### Task goal
Word for word, restate the lines of the listing below from the line with "Men shoes Sneakers" through the line with "Rimrock Divide, MT FSTopo Legacy Preview 2", and do not include the pictures.

### Information supplied
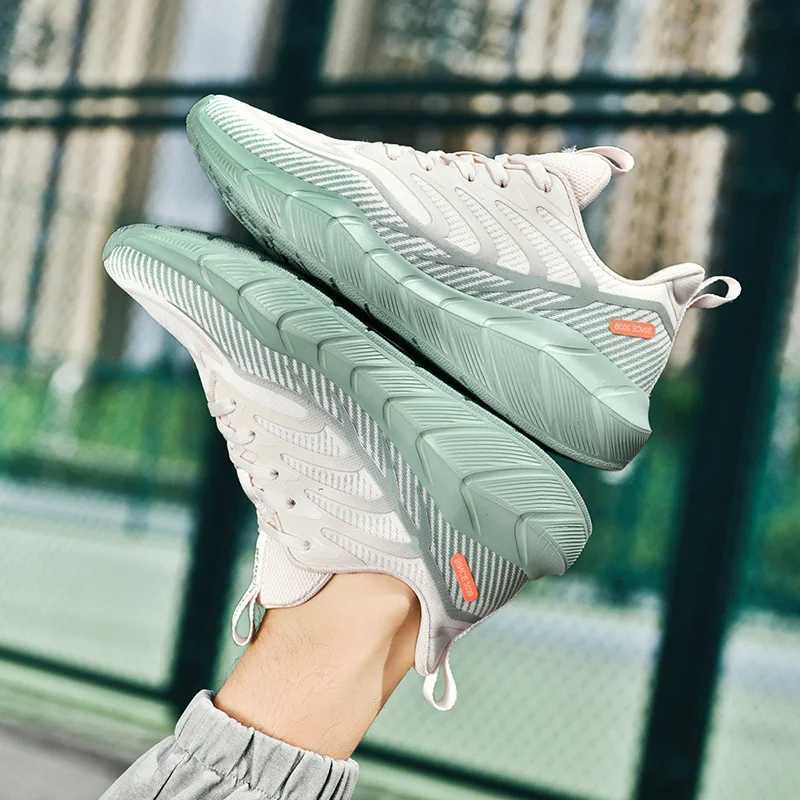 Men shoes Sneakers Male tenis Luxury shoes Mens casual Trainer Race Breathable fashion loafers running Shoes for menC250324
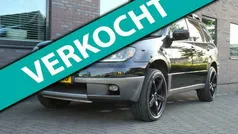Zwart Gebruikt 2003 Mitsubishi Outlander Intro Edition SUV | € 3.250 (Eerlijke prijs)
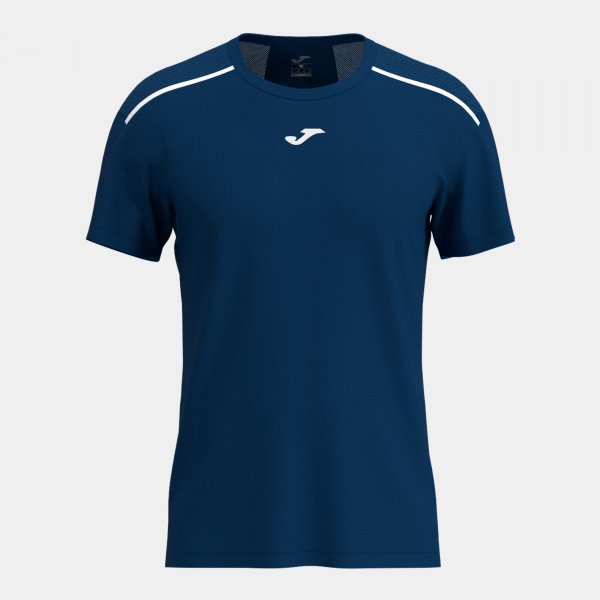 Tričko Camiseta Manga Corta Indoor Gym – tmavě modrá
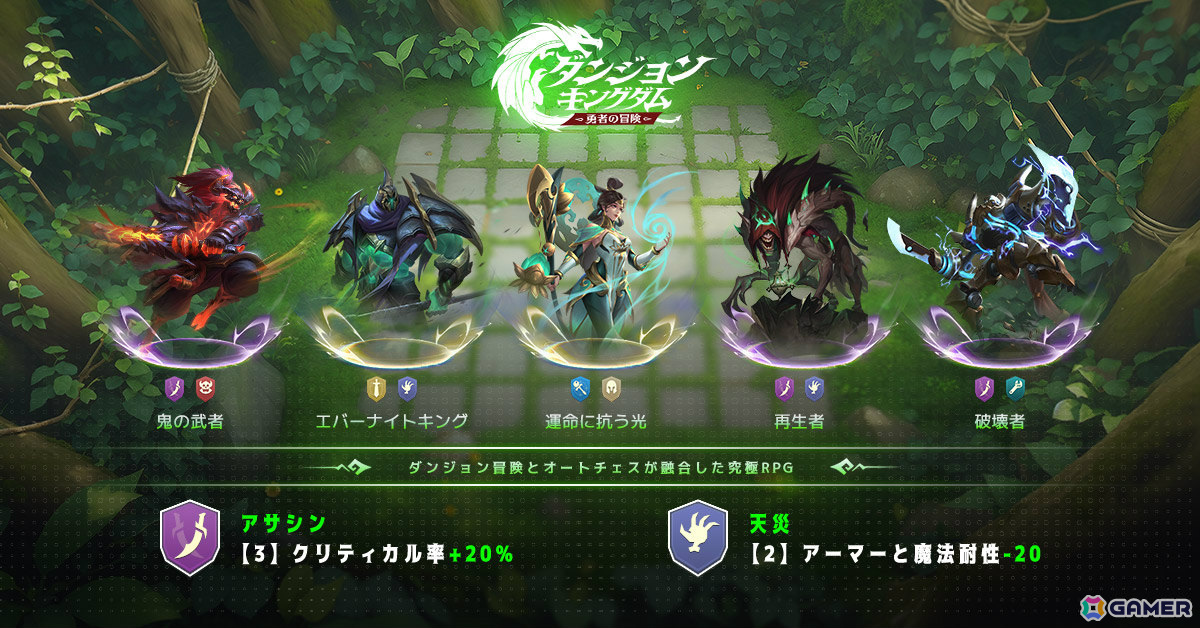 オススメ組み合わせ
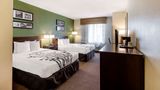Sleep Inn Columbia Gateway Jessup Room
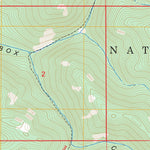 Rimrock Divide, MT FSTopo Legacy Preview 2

* * *

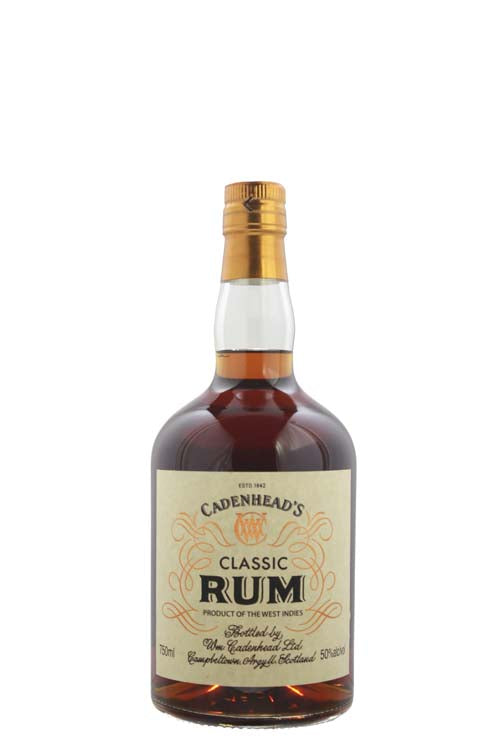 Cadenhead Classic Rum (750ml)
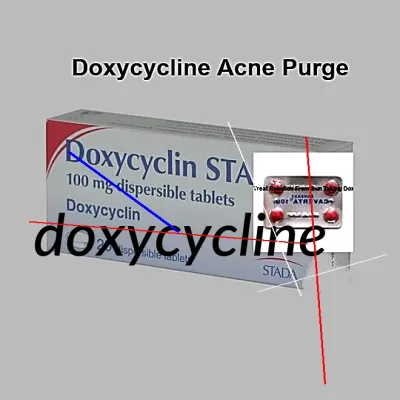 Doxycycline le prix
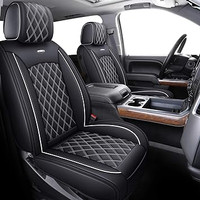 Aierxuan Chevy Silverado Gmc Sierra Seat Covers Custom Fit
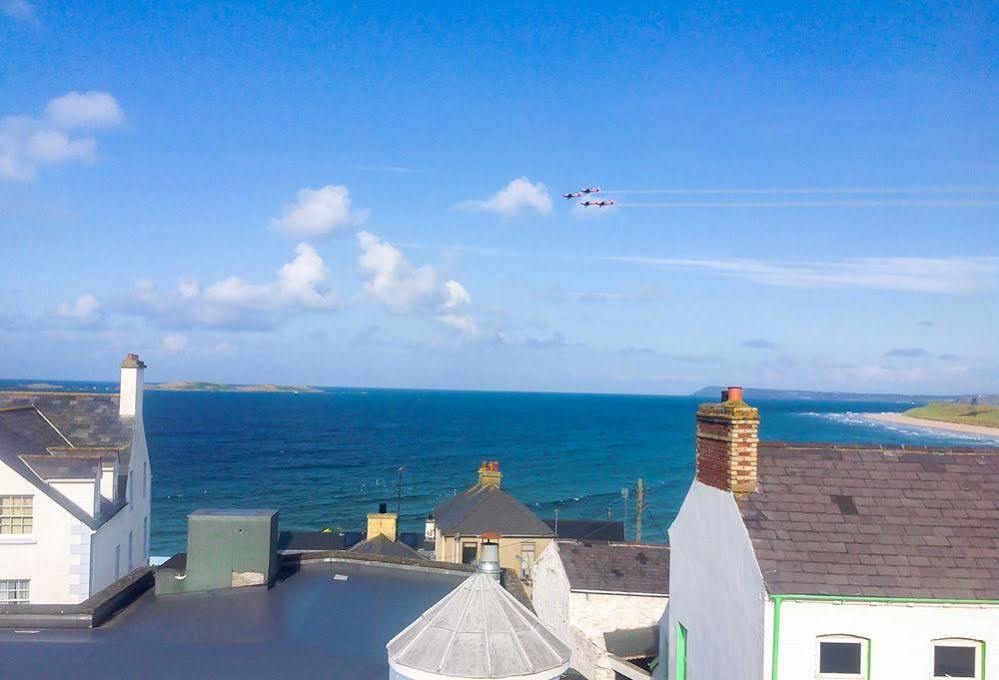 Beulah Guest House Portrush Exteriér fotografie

* * *

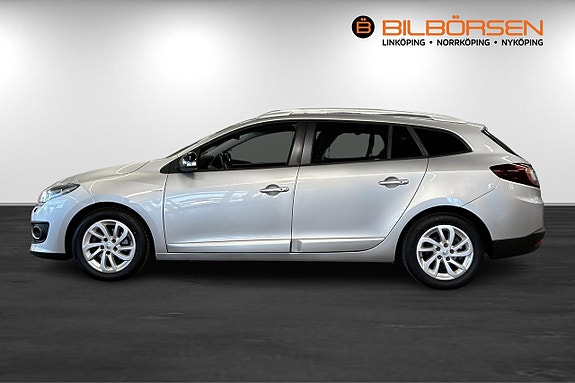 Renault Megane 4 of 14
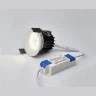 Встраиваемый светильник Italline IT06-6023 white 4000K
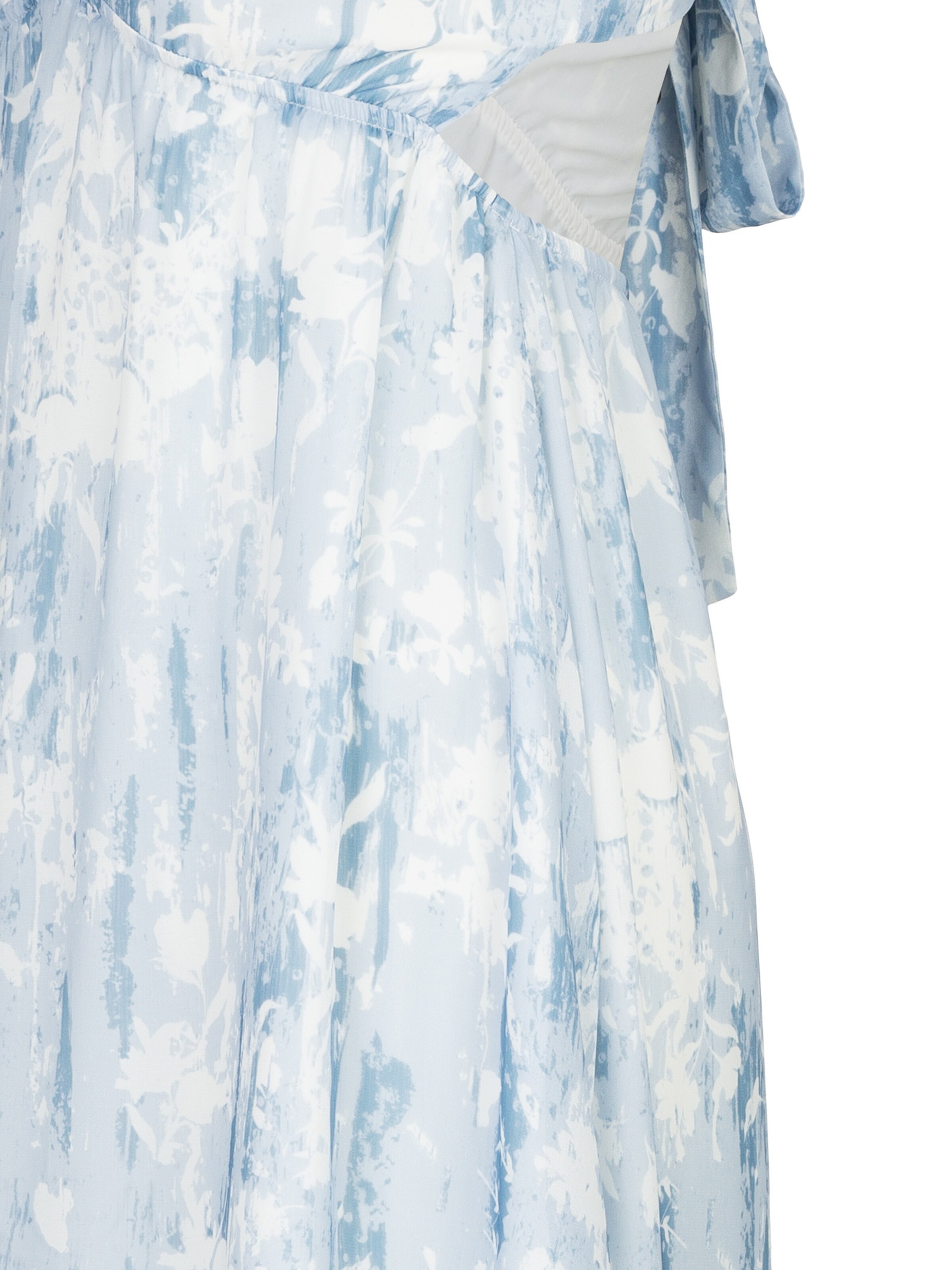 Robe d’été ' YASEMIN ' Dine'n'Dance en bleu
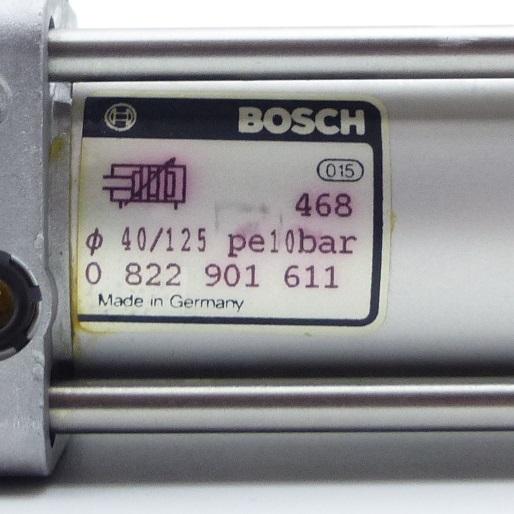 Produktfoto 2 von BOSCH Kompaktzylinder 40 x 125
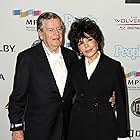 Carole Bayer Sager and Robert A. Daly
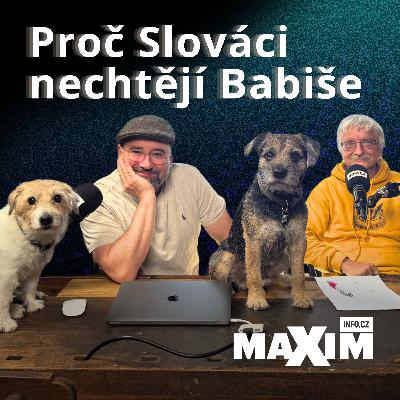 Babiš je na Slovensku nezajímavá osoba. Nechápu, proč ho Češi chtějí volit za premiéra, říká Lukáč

### Response area
 Men shoes Sneakers Male tenis Luxury shoes Mens casual Trainer Race Breathable fashion loafers running Shoes for menC250324
Zwart Gebruikt 2003 Mitsubishi Outlander Intro Edition SUV | € 3.250 (Eerlijke prijs)
 Tričko Camiseta Manga Corta Indoor Gym – tmavě modrá
 オススメ組み合わせ
Sleep Inn Columbia Gateway Jessup Room
 Rimrock Divide, MT FSTopo Legacy Preview 2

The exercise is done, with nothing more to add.